Question: Filtering of lncRNAs and mRNAs for Differential expression analysis from RNA-seq data
I wanted to perform DE of lncRNAs and mRNAs from the RNA-seq data using DEseq2. I am wondering if it is a good idea to have separate annotation files for each and then perform the differential expression (DE) or is it OK to perform DE analysis using the annotation files that contains both lncRNAs as well as protein-coding mRNAs and then filter based off the gene-biotype?

rna-seq • 128 views
My preference is to keep them separate and to conduct the analysis separately. Protein coding mRNAs are typically expressed at higher levels than ncRNAs, with many ncRNAs being expressed at very low values (if at all, in your tissue of interest). For that reason, I feel that normalising them together would in fact bias the results, but I don't have data to back up this hypothesis.

I would be interested to hear other ideas.

It will be a good idea to process them separately starting from alignment to DE. The following research article suggests a similar approach.

Thanks all for your responses. I do agree that performing lncRNA and mRNA analysis separately is a better approach compared to processing them altogether.
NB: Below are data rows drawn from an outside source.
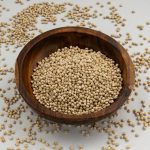 Sorghum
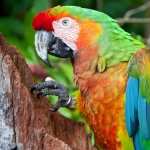 Macaw high definition photo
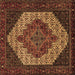 Square Machine Washable Persian Brown Traditional Rug, wshtr2234brn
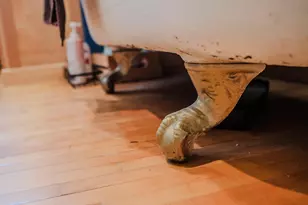 210 E 6th St, Morris, MN 56267 - Photo 46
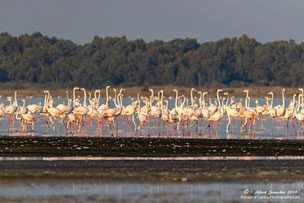 Greater flamingos gather for hibernation in Lake Akrotiri Salt Lake, Limassol, Cyprus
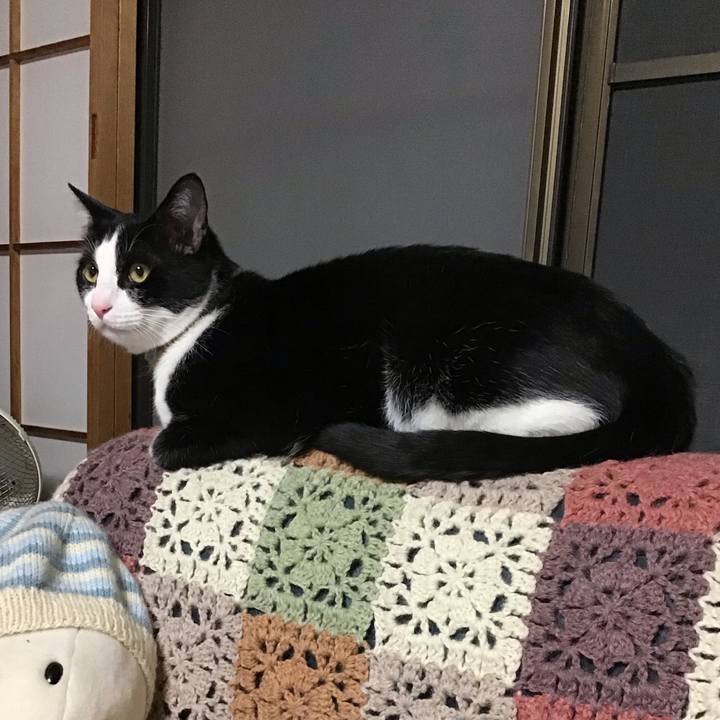 C6295de5 e210 47d7 87d0 2b41451ce075 1651831168828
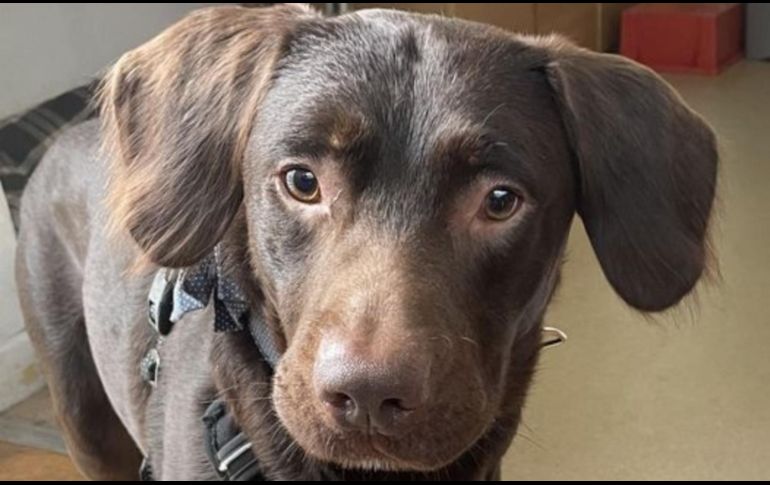 Tras la muerte de su dueño, médicos descubrieron que Coco era alcohólico. ESPECIAL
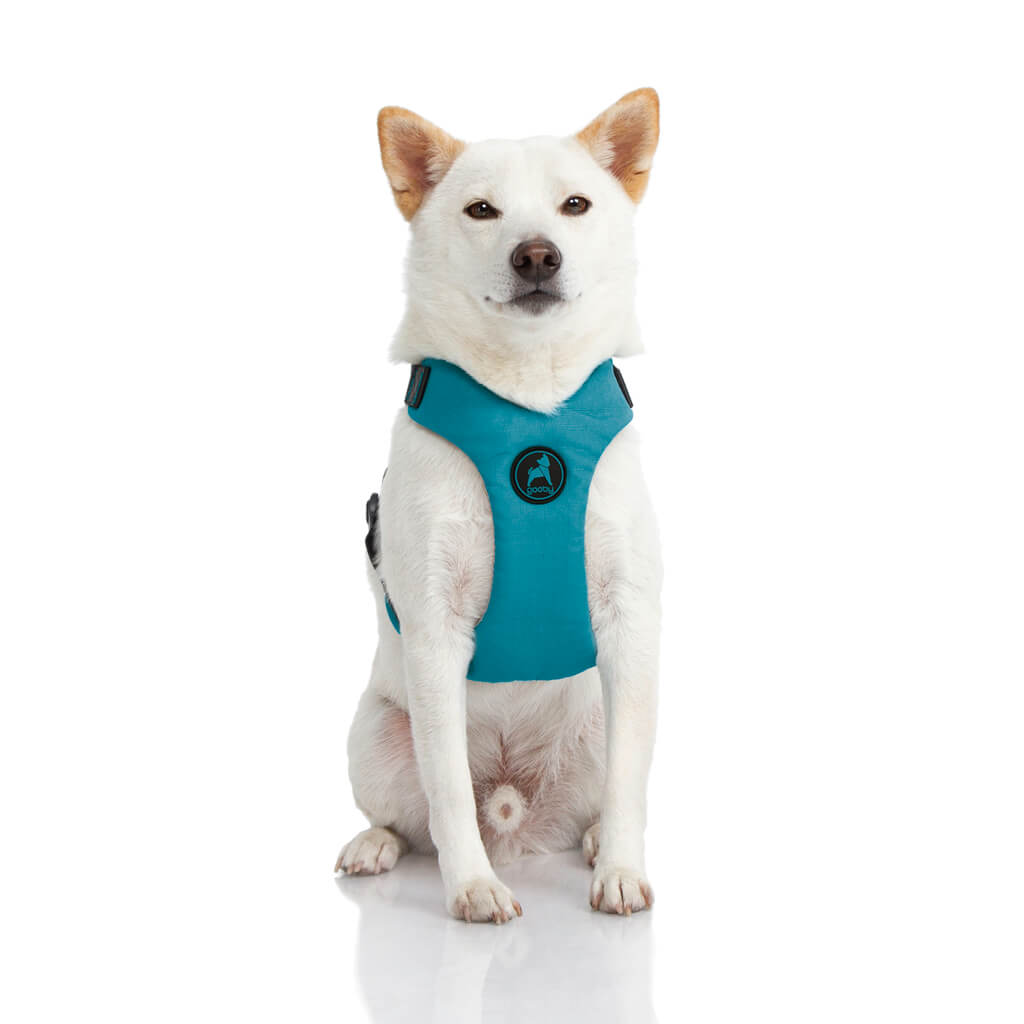 Convertible Z Harness (#04204) - Image 5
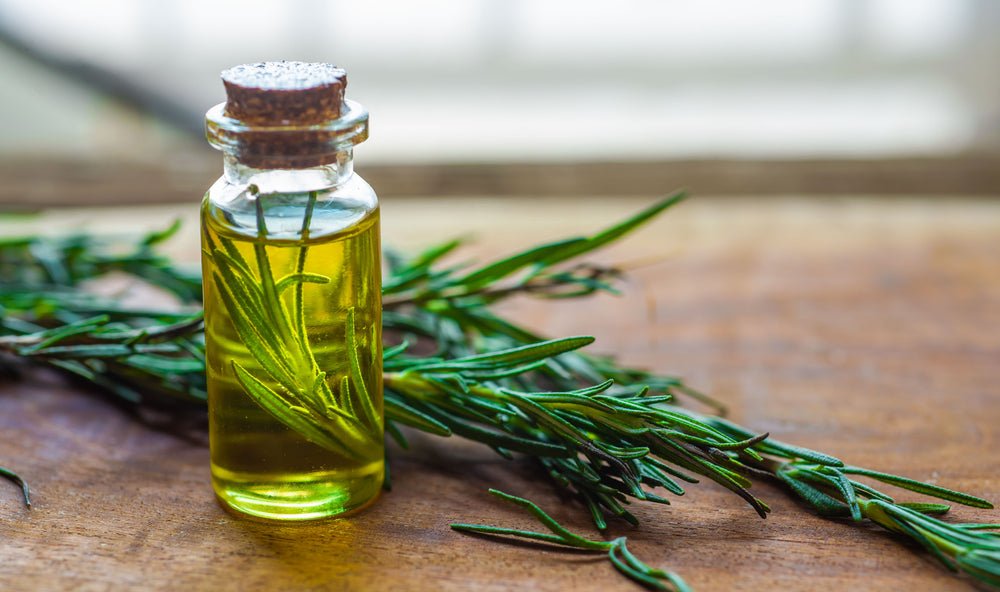 rosemary essential oil to block EMF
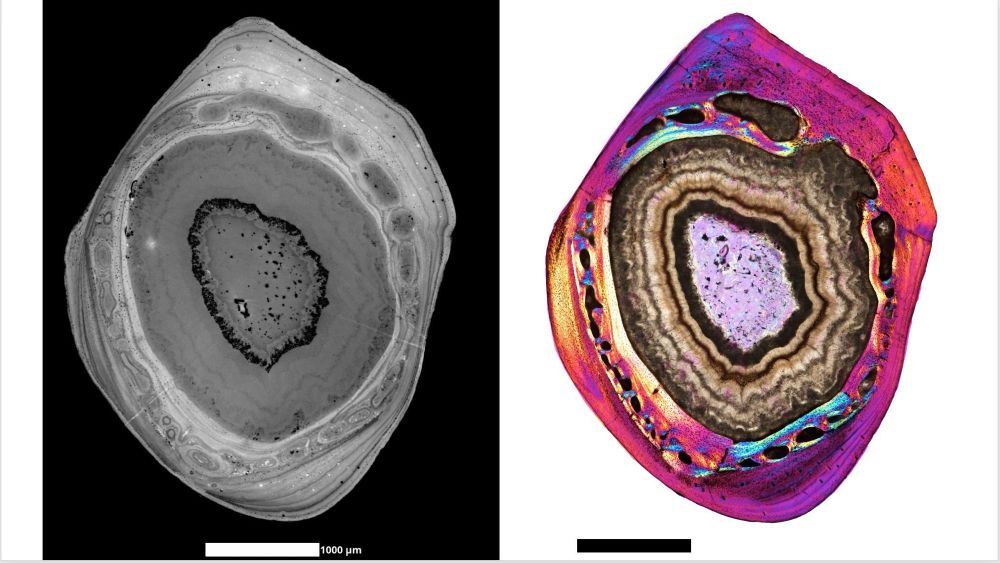The left image is a grey value CT scan of a fossil bone thin section. The right image is the same fossil bone viewed under cross-polarized light microscopy with brightly colored pink, purple, blue, and yellow colors indicating bone mineral fiber orientations. The inside of the bone’s marrow cavity is infilled with brown crystals that look like a geode. 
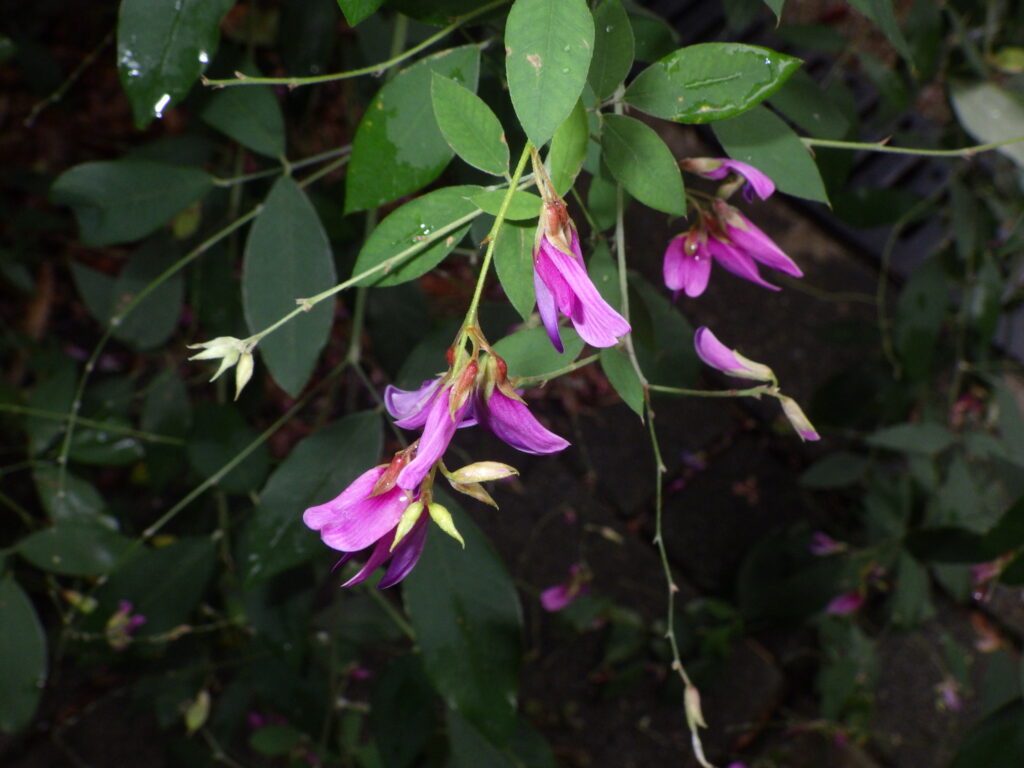 ニシキハギの花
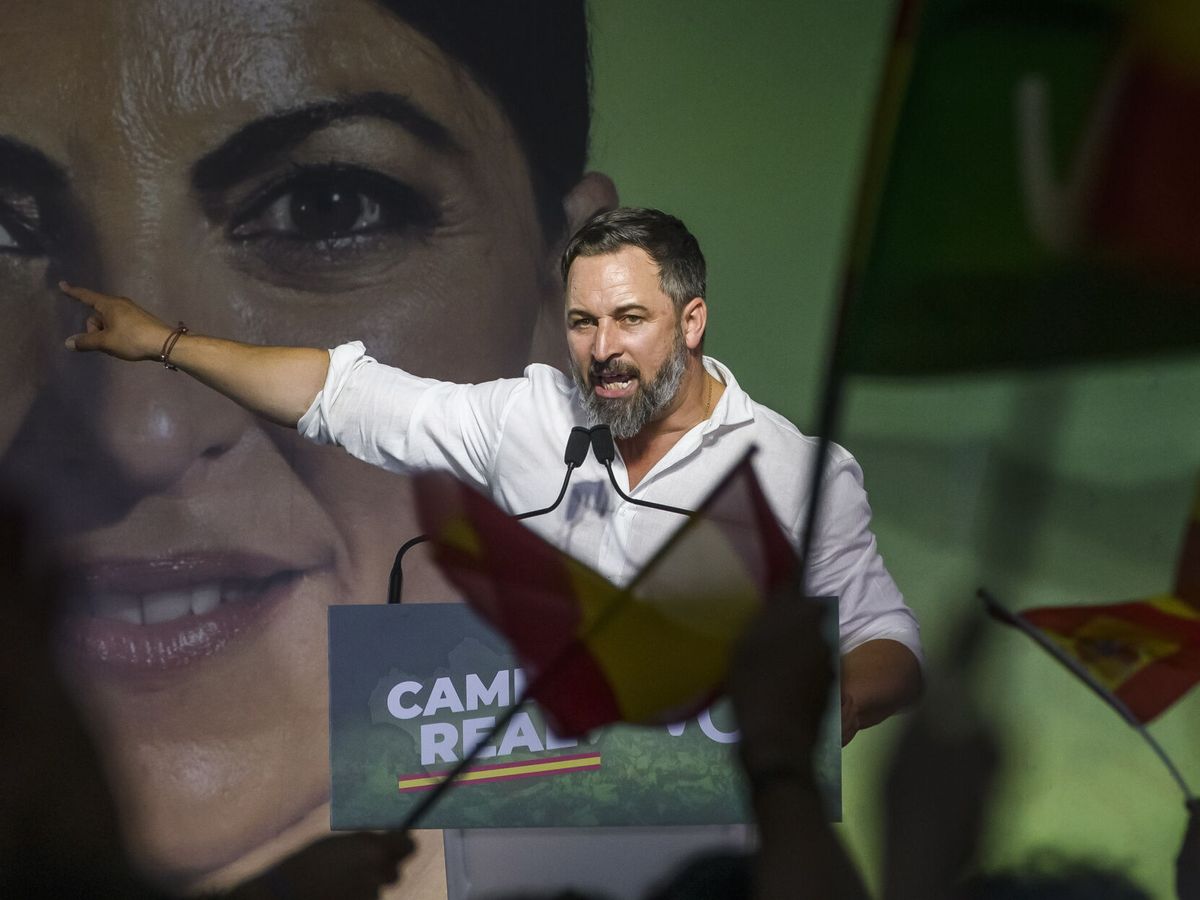 Foto: El líder nacional de Vox, Santiago Abascal. (EFE/Raúl Caro)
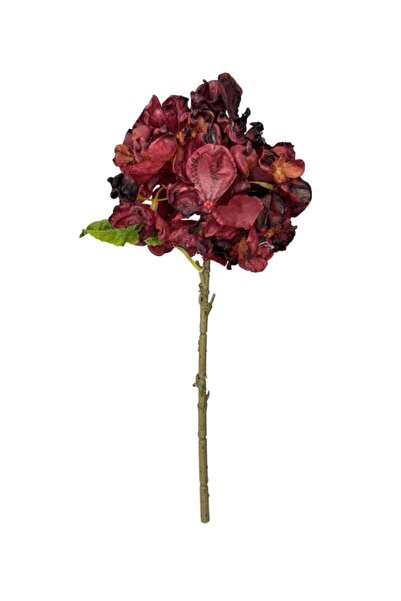 Nettenevime زهرة صناعية من قماش الأورانجا المحروق بلون بورجوندي، فرع واحد 35*...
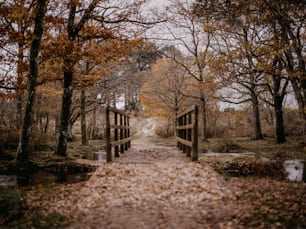 a wooden bridge over a creek surrounded by trees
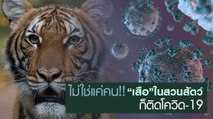 ไม่ใช่แค่คน!! “เสือ”ในสวนสัตว์ ก็ติดโควิด-19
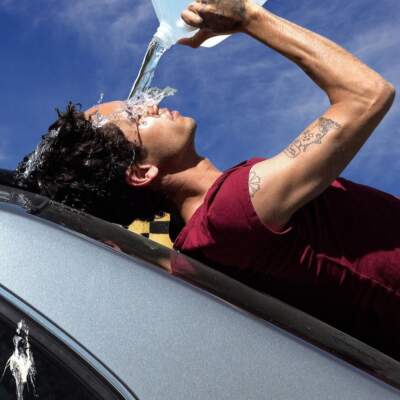 دانلود آهنگ Wallflower با صدای Dominic Fike دانلود آهنگ Wallflower با صدای Dominic Fike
The only reason to process them separately is if the lncRNAs are so lowly expressed that they keep getting excluded due to independent filtering. If that does happen to be the case, then perform everything up to and including computation of the size factors with the lncRNAs mixed with the other genes (this is (1) to ensure that the size factors remain constant and (2) to ensure robustness). Thereafter you can split and test separately.

This post will give you some idea,

A: Any One please provide protocol for Analysing long noncoding RNA illumina NGS da

I would recommend you to perform DE analysis separately (since protein coding expression might create biasness due to its abundance).